LMFDB / lmfdb

L-Functions and Modular Forms Database
Other
246 stars 198 forks source link

Multikey number field searches very slow #2336

Closed AndrewVSutherland closed 6 years ago

AndrewVSutherland commented 6 years ago

Some multi-key searches on the number field database on www.lmfdb.org seem to be timing out, even when the keys are all indexed (single-key searches on the same keys are quite fast).

For example, searching individually on any of degree = 2, class number = 4, class group = [4] is very quick, but searching on any 2 in combination or all 3 at once times out.

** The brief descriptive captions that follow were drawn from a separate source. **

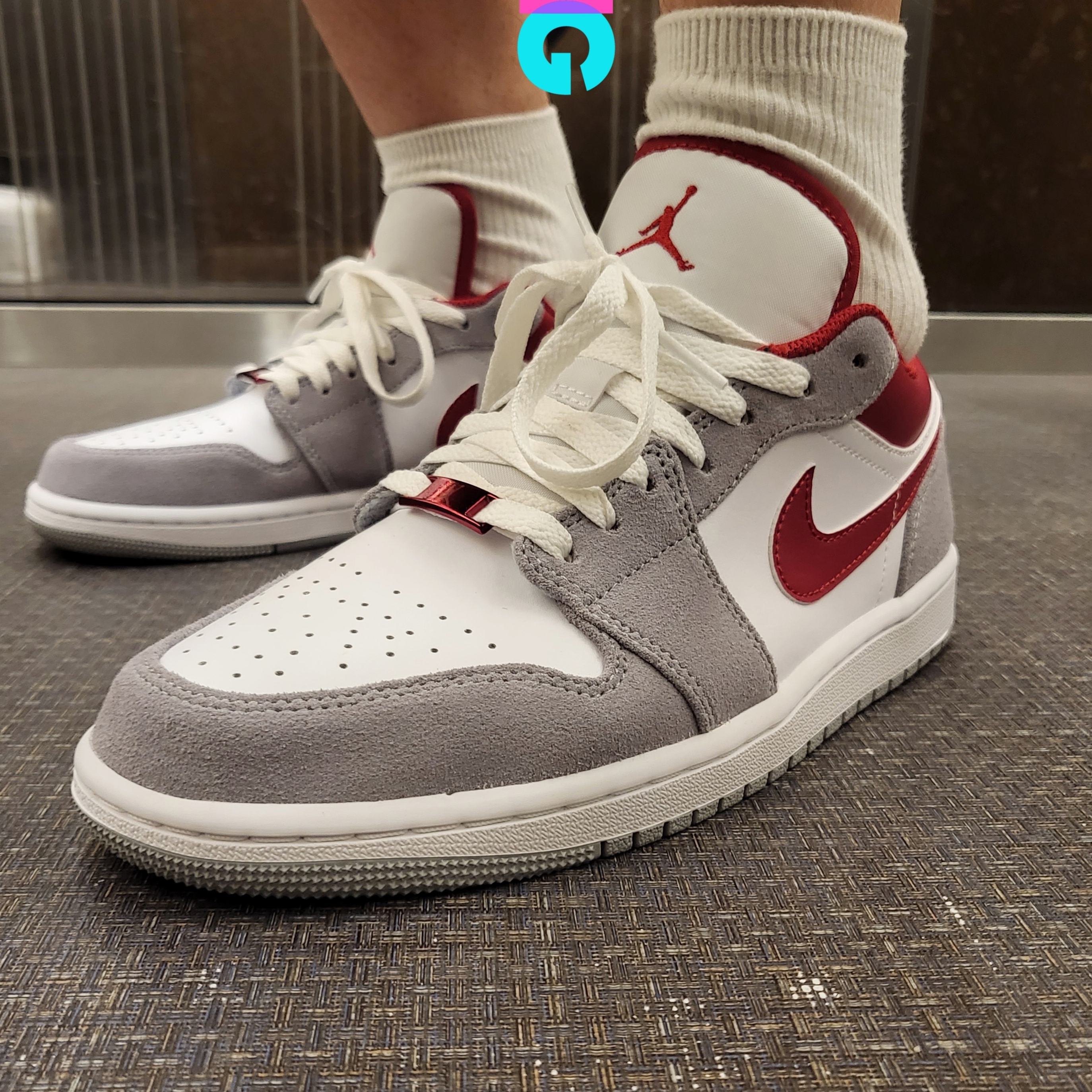 Jordan 1 Low SE Light Smoke Grey Gym Red 착용 스타일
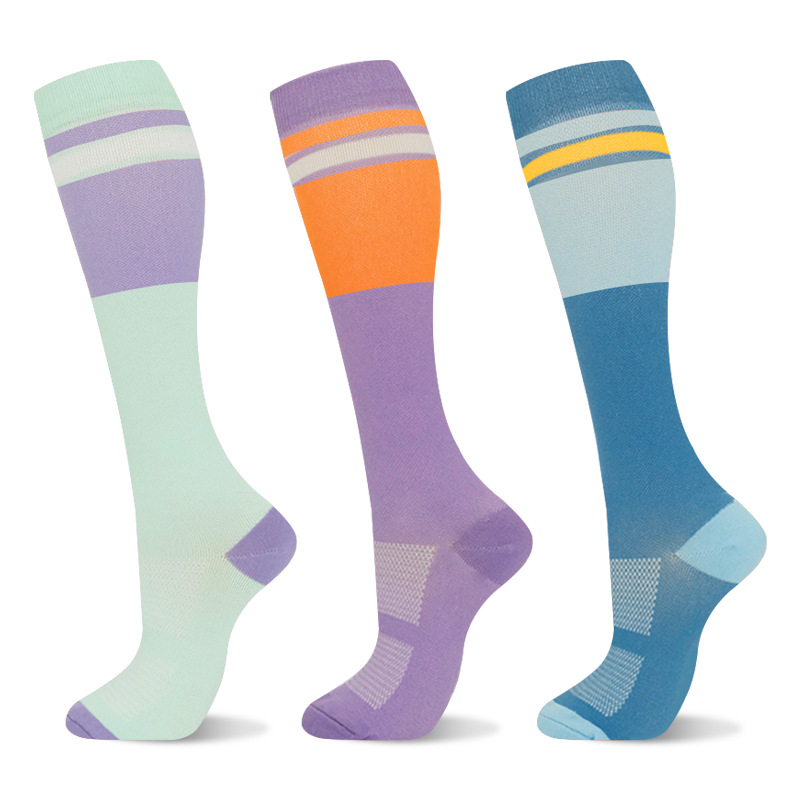 Calcetines de compresión transfronterizos Calcetines de pantorrilla Calcetines elásticos Deportes Ciclismo Correr Calcetines de yoga Calcetines de compresión de tubo largo para hombre Spot para mujer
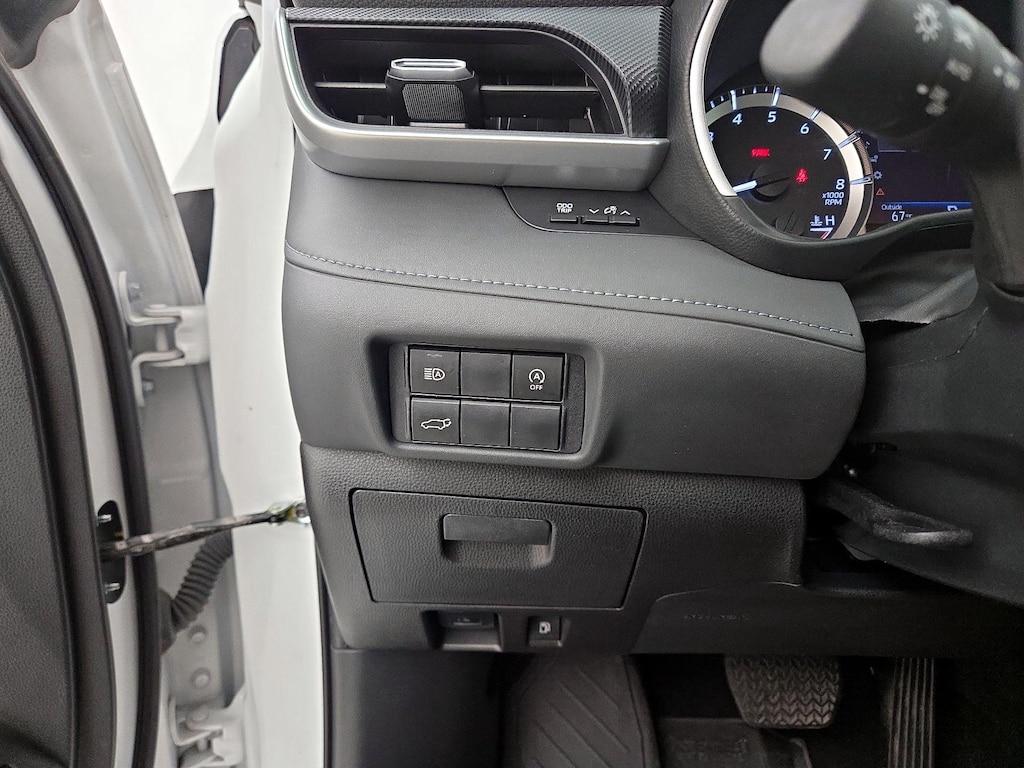 used 2023 Toyota Highlander car, priced at $42,998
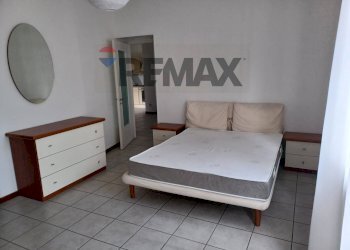 Camera / camera da letto - Bilocale Viale Roma
 
52, Novara - foto 3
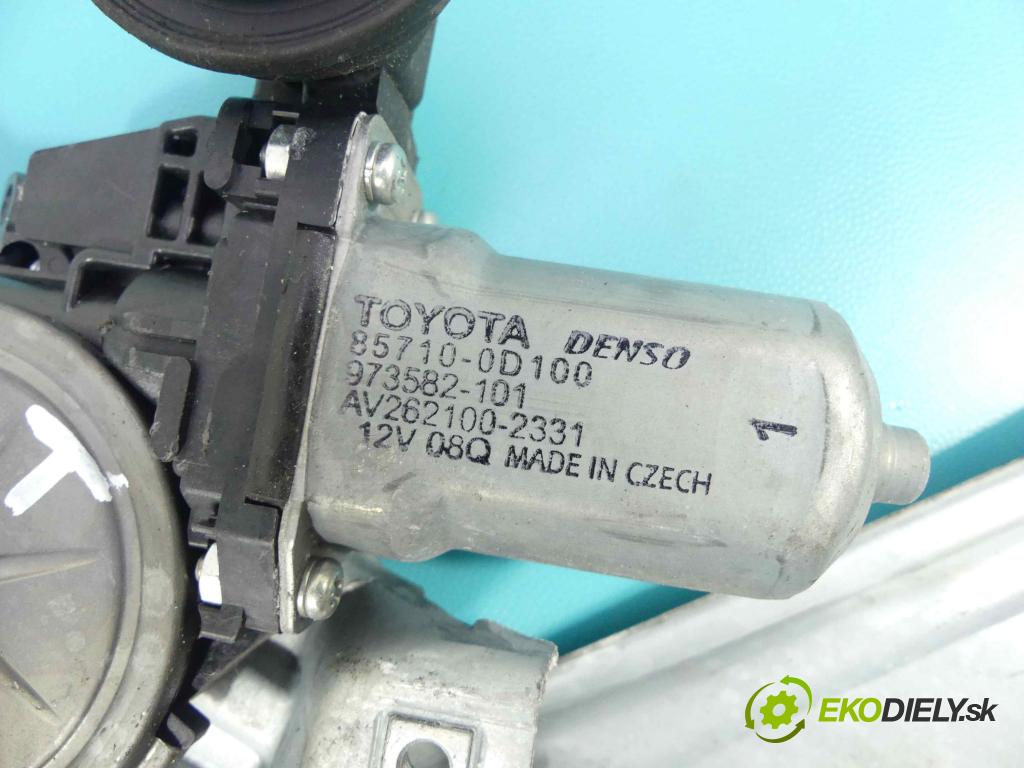 Toyota Corolla E16/E18  2013-2019 1.6 16v 132 hp manual 97 kW 1598 cm3 4- mechanismus stahování zadní levý 85710-0D100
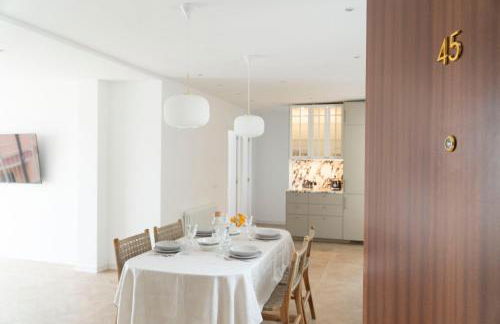 The Port House - Photo 59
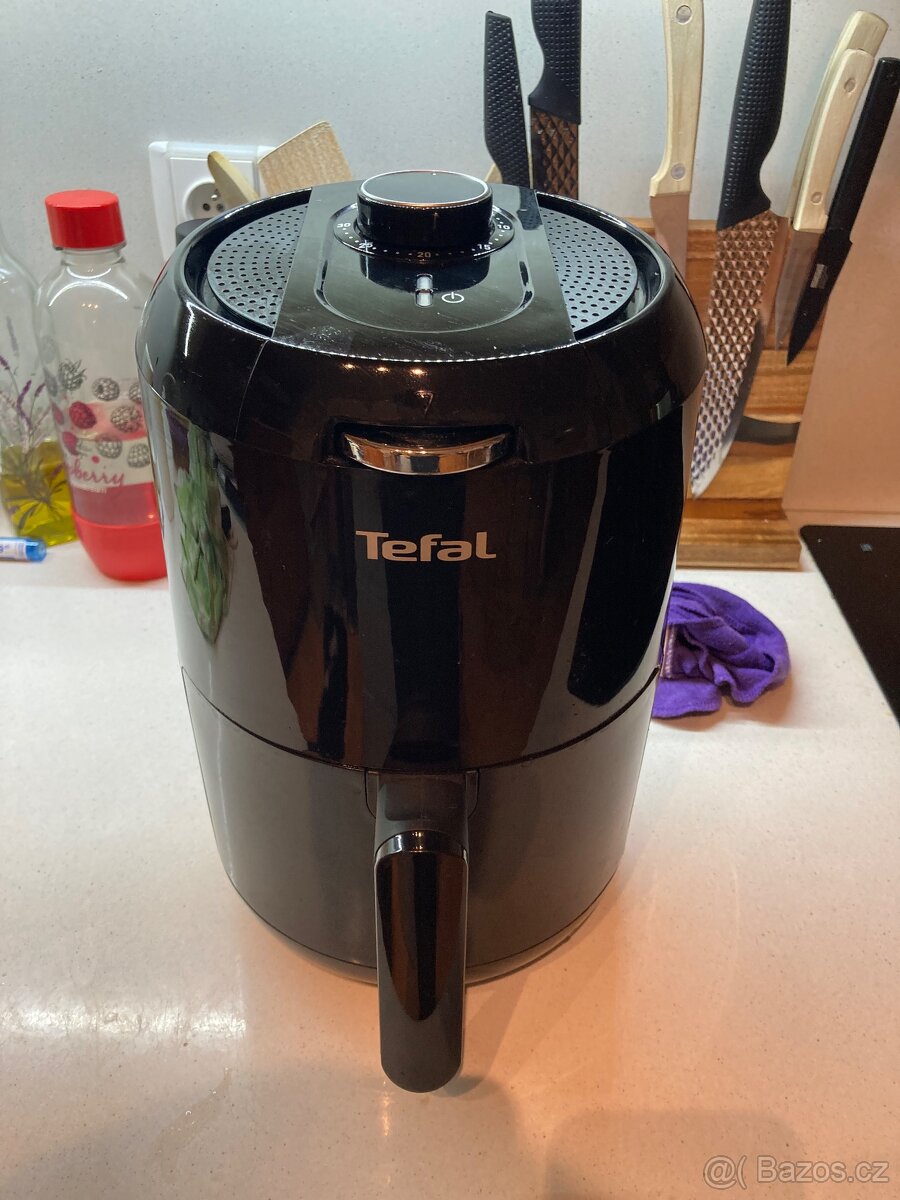 Horkovzdušná fritéza Tefal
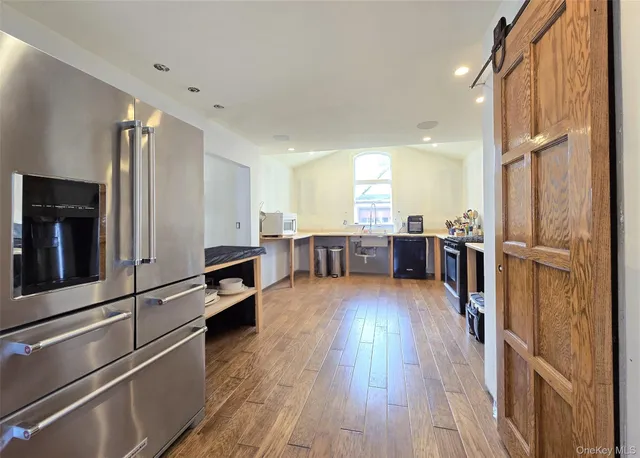 $839,000 | 410 Greene Avenue, Sayville, NY 11782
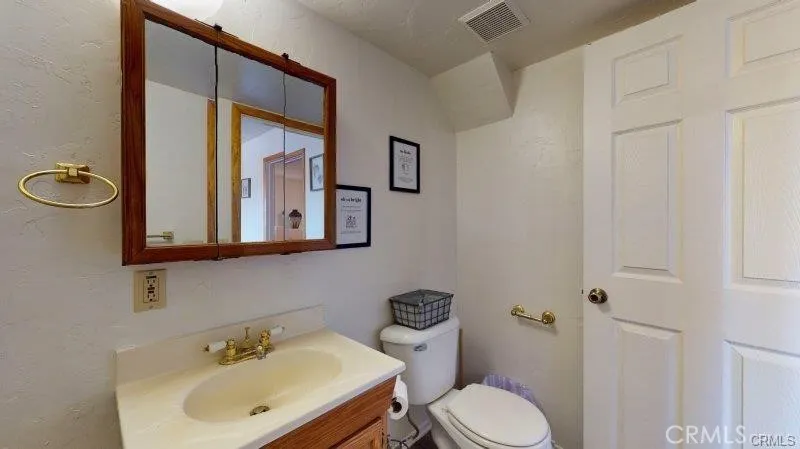 621 Arth Drive Crestline, CA 92325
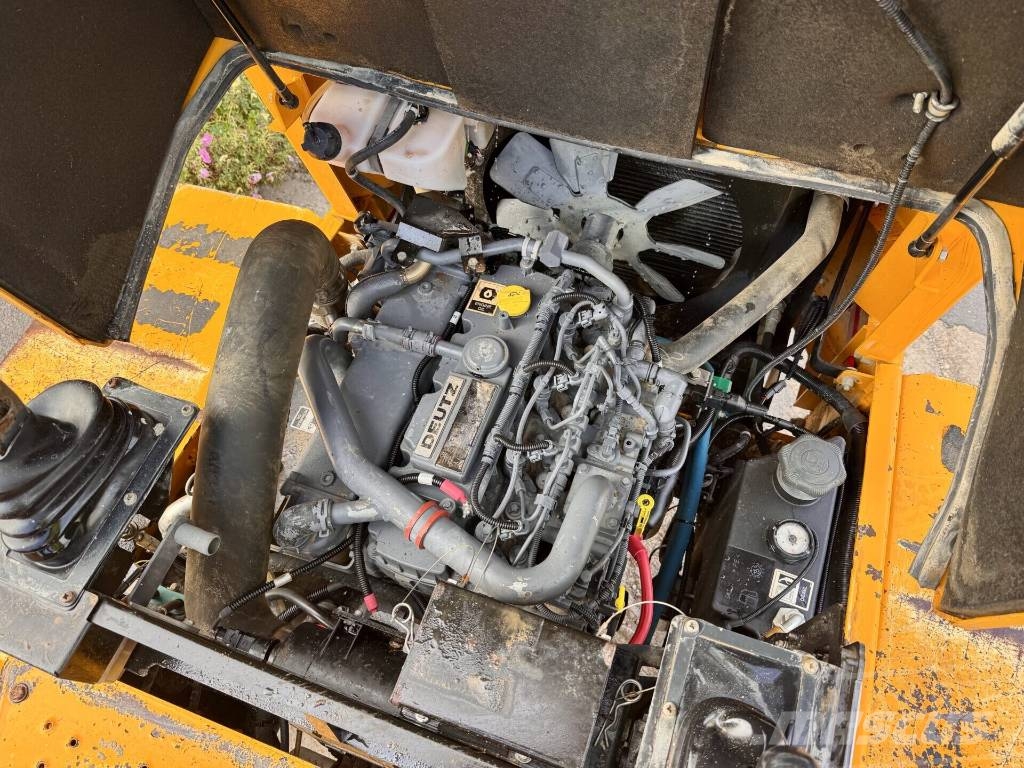 Thwaites 6T Swivel Site dumpers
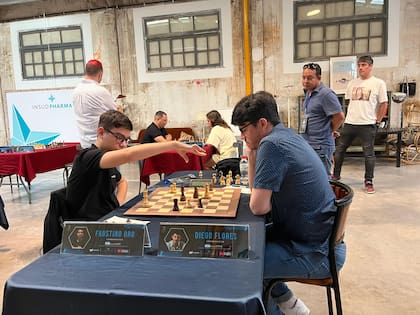 Oro y Diego Flores, los dos argentinos que compitieron en el torneo Prodigios y Leyendas de Madrid, terminaron con un triunfo para cada uno en sus duelos.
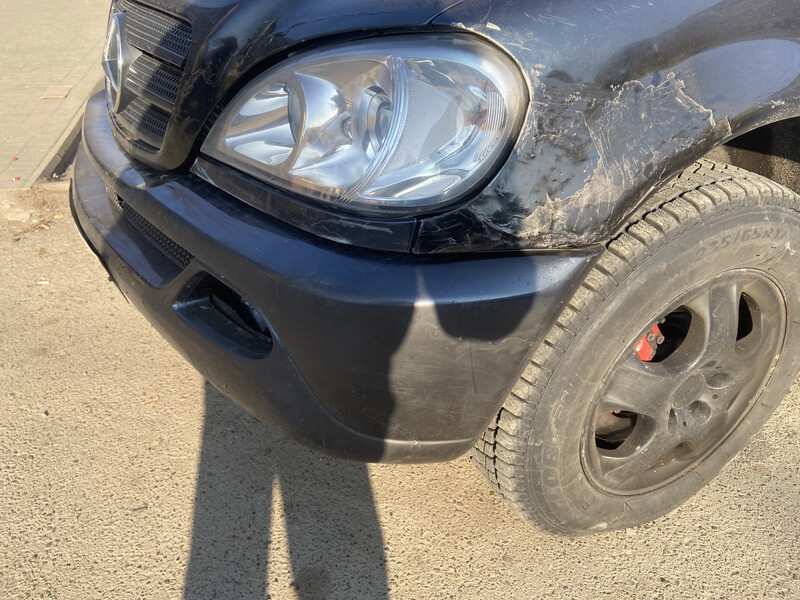 Крыло переднее Mercedes-Benz M-Class W163  2001 2.7 Дизель Черновцы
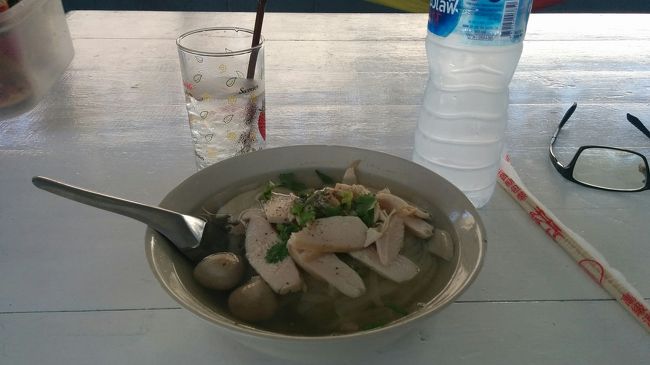 ホテルに戻って昼食。クッティアオカイ50バーツ。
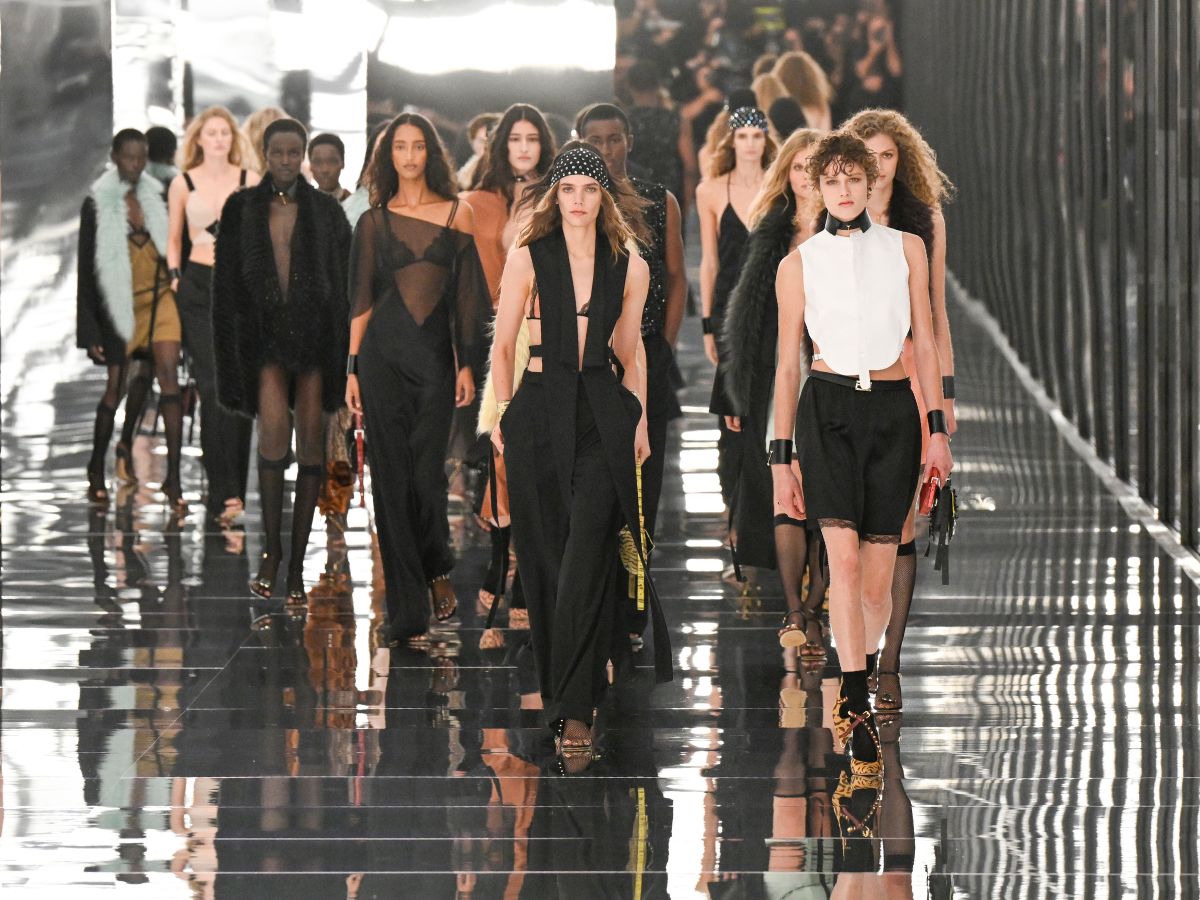 Fendi: Η Maria Grazia Chiuri κάνει το lingerie dressing πιο φορέσιμο και θηλυκό από ποτέ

Things are not as bad on beta.lmfdb.org (but still noticeably slow). Presumably this is due to the difference between the mmap and wired tiger db engines.

I think we either need to add compound indices on key combinations we think are likely to come up frequently (certainly degree+anything is a common use case), or we need to consider switching the production server back to mmap (either option will involve some down time).

jwj61 commented 6 years ago

It would be easy to add more indexes, but isn't there a limit on the total number a collection can have?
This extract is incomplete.